Nesse diapasão, não é raro que o Advogado, seguindo a versão apresentada pelo cliente, seja surpreendido com algum depoimento ou documento que prove exatamente o contrário. Eventual sentimento de traição e quebra de confiança é irrelevante se comparado com o prejuízo que isso poderá gerar para o investigado/réu.

Portanto, embasar uma estratégia/tese apenas na versão apresentada pelo cliente é um risco que não devemos correr. Deve-se perguntar a ele, por exemplo:

  • o que pode surgir na investigação?
  • alguém viu ou sabe o que aconteceu?
  • existe alguma prova que tem o condão de desconstituir a versão defensiva apresentada?

Ademais, não se deve confiar totalmente nas respostas do cliente. Após a instauração da investigação defensiva, não se pode desconsiderar a existência de elementos que prejudiquem a versão do réu e eventualmente possam ser juntados ao processo pela parte contrária, ainda que a defesa não tenha o dever de levar tais elementos aos autos oficiais (não é exigida a autoincriminação).

Destarte, a investigação defensiva deve ser imparcial para seguir todas as linhas possíveis e considerar tudo que poderá ser objeto de investigação ou instrução pela autoridade policial ou pela acusação.

Por outro lado, a imparcialidade é limitada à investigação. Após a obtenção dos elementos possíveis, o Advogado deverá retornar ao seu papel de procurador do réu e avaliar qual é a melhor estratégia possível, considerando o arcabouço probatório de que tem conhecimento e que integra a investigação oficial e a presidida pela defesa.

Carnelutti (2009, p. 54) pontua que:

(…) o defensor não é um raciocinador imparcial. E é isto o que escandaliza a gente. Apesar do escândalo, o defensor não é imparcial porque não deve sê-lo. E porque não é imparcial o defensor, tampouco pode ser nem deve ser imparcial seu adversário. A parcialidade deles é o preço que se deve pagar para obter a imparcialidade do juiz, que é, pois, o milagre do homem, uma vez que, conseguindo não ser parte, supera-se a si mesmo. O defensor e o acusador devem buscar as premissas para chegar a uma conclusão forçada.

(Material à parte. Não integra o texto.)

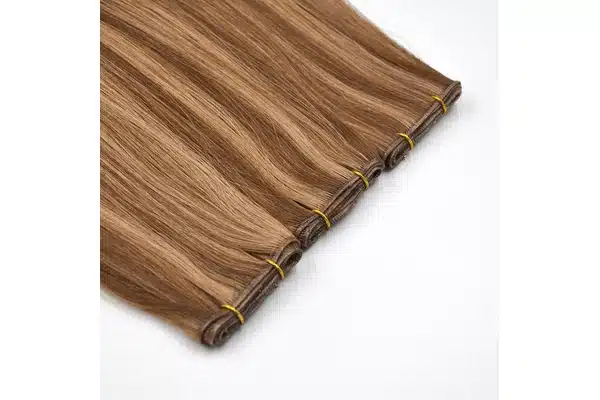 Light brown hair wefts arranged side by side with their attachment seams visible.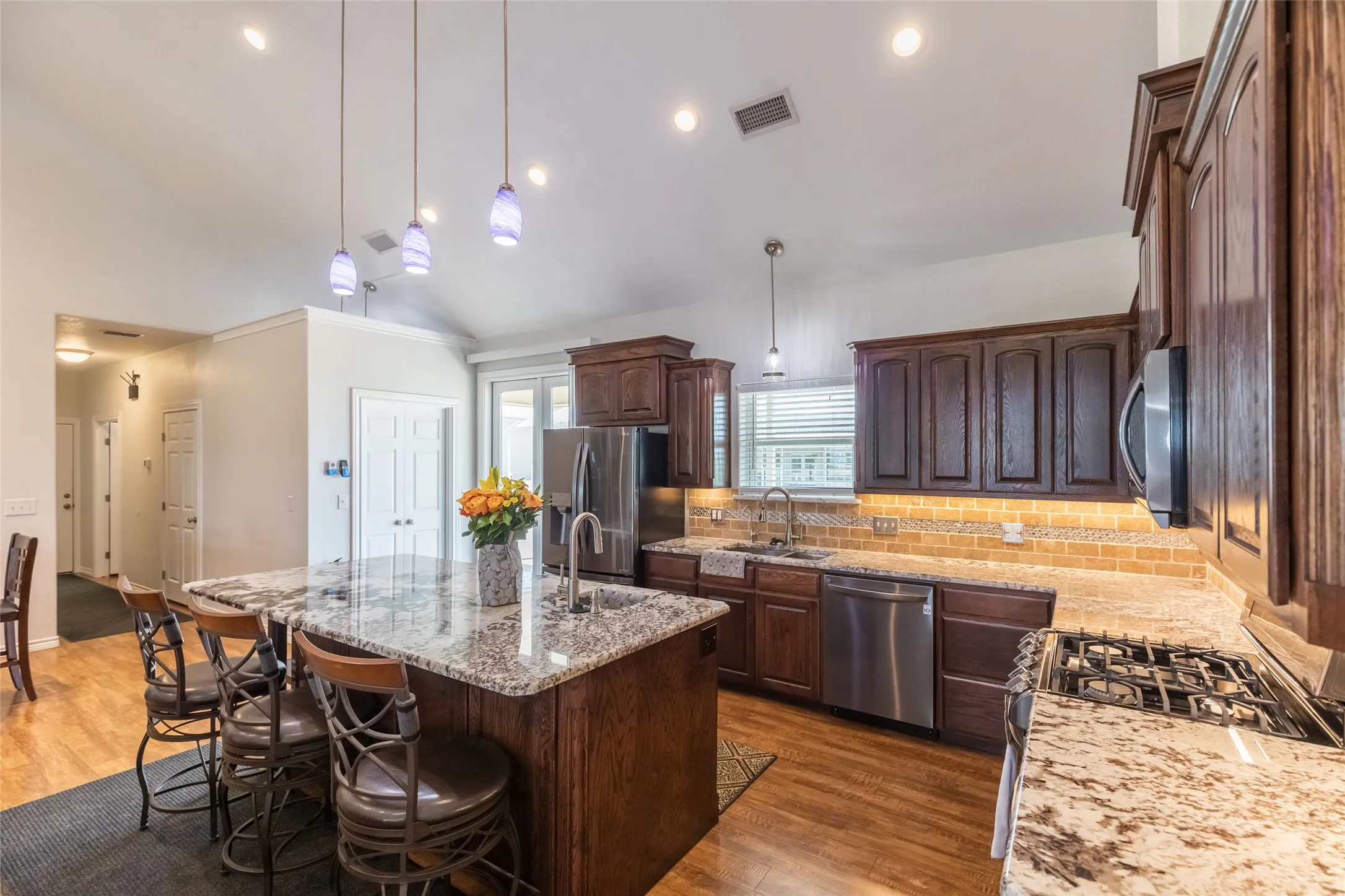 Enjoy a large walk-in pantry, kitchen island with built-in stoage, veggie and fruit sink, gas stove, and more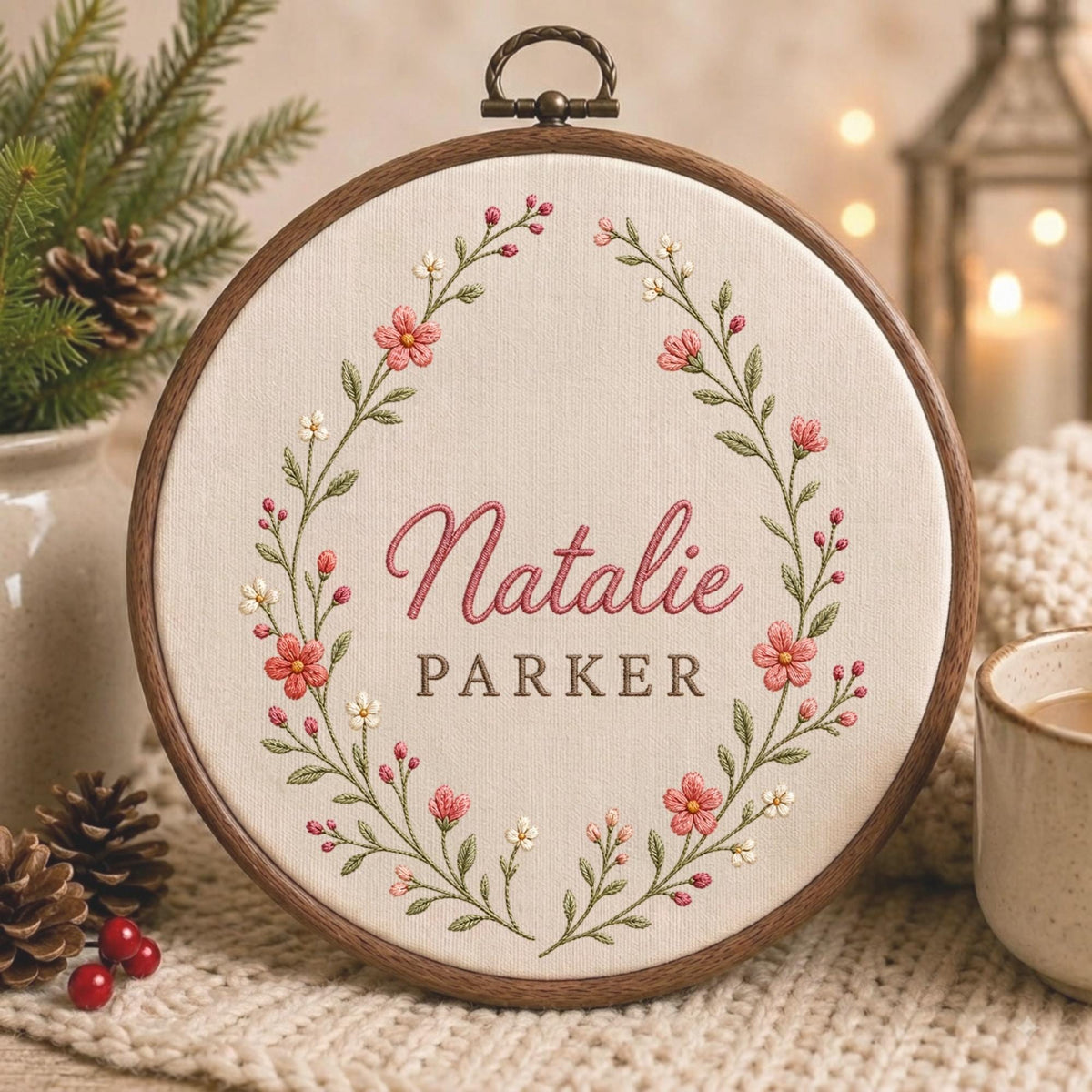May include: A circular wooden embroidery hoop containing off-white fabric with a hand-stitched floral wreath in shades of pink, white, and green. The name Natalie is embroidered in pink script above the name PARKER in brown block letters.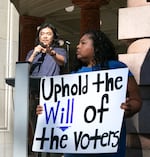 Robin Ye, left, and Candace Avalos take the stage at Portland City Hall to protest City Council's proposal to overhaul voter-approved changes to charter reform on July 18, 2023. Ye was a part of the Charter Review Commission tasked with suggesting changes to the city charter.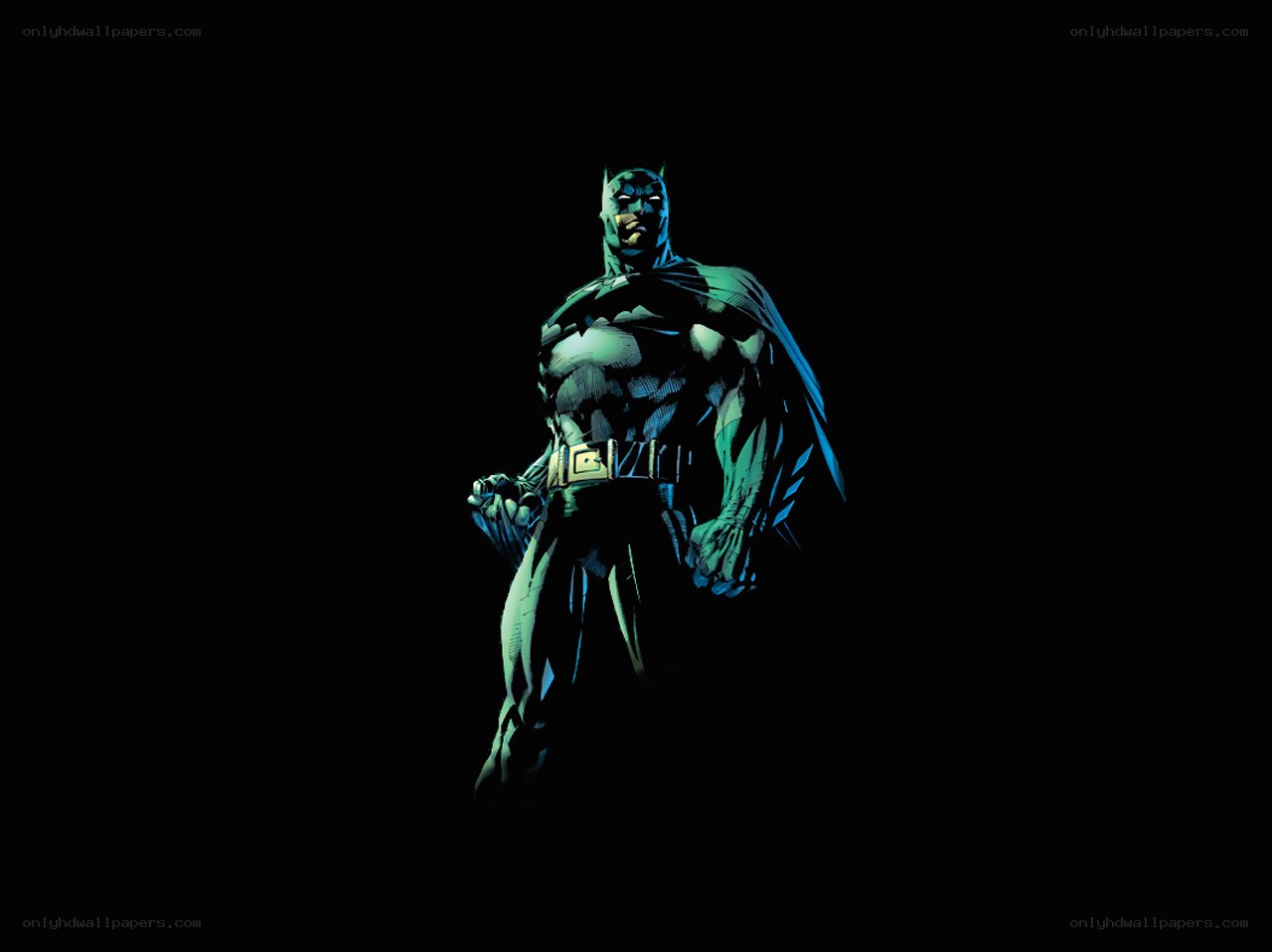 Batman stands in the dark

Logo, conclui-se que a investigação defensiva deve ser conduzida de forma imparcial, considerando tudo que eventualmente poderá ser encontrado pela polícia ou pela acusação, mas sem perder de vista a finalidade parcial, que é levar aos autos oficiais apenas o que beneficie o acusado e montar argumentos que eventualmente consigam rebater aquilo que o prejudique.

Referência:

CARNELUTTI, Francesco. As misérias do processo penal. Trad. Carlos Eduardo Trevelin Millan. São Paulo: Editora Pilares, 2009.